■ **Your goal**
Reproduce exactly the lines below, from the first through the one containing "Weissman Child Small", and nothing more.

■ **Available data**
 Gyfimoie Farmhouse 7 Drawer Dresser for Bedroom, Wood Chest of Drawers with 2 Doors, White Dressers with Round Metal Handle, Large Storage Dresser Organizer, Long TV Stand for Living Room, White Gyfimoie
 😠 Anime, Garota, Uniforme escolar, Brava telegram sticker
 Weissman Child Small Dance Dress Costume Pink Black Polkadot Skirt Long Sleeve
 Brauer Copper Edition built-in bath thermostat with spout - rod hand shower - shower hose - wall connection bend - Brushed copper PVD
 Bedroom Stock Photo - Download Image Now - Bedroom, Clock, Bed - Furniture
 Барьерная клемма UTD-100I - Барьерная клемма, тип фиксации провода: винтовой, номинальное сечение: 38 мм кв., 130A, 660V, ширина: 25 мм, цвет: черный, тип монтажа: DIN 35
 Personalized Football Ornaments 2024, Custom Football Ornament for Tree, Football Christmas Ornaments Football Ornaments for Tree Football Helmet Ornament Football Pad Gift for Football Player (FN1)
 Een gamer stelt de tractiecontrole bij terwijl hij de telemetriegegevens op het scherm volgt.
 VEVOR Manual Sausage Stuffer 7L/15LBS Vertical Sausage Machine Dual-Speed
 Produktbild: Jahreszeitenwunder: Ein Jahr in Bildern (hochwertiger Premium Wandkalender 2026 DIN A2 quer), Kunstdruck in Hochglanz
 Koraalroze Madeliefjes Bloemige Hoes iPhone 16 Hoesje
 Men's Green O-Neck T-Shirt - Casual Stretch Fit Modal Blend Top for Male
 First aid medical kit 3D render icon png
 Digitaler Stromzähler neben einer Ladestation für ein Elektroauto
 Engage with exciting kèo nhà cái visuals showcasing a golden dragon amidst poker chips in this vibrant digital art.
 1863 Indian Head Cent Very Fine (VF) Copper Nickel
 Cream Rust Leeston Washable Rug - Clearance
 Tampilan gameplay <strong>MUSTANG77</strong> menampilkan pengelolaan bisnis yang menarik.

■ **Your response**
 Gyfimoie Farmhouse 7 Drawer Dresser for Bedroom, Wood Chest of Drawers with 2 Doors, White Dressers with Round Metal Handle, Large Storage Dresser Organizer, Long TV Stand for Living Room, White Gyfimoie
 😠 Anime, Garota, Uniforme escolar, Brava telegram sticker
 Weissman Child Small Dance Dress Costume Pink Black Polkadot Skirt Long Sleeve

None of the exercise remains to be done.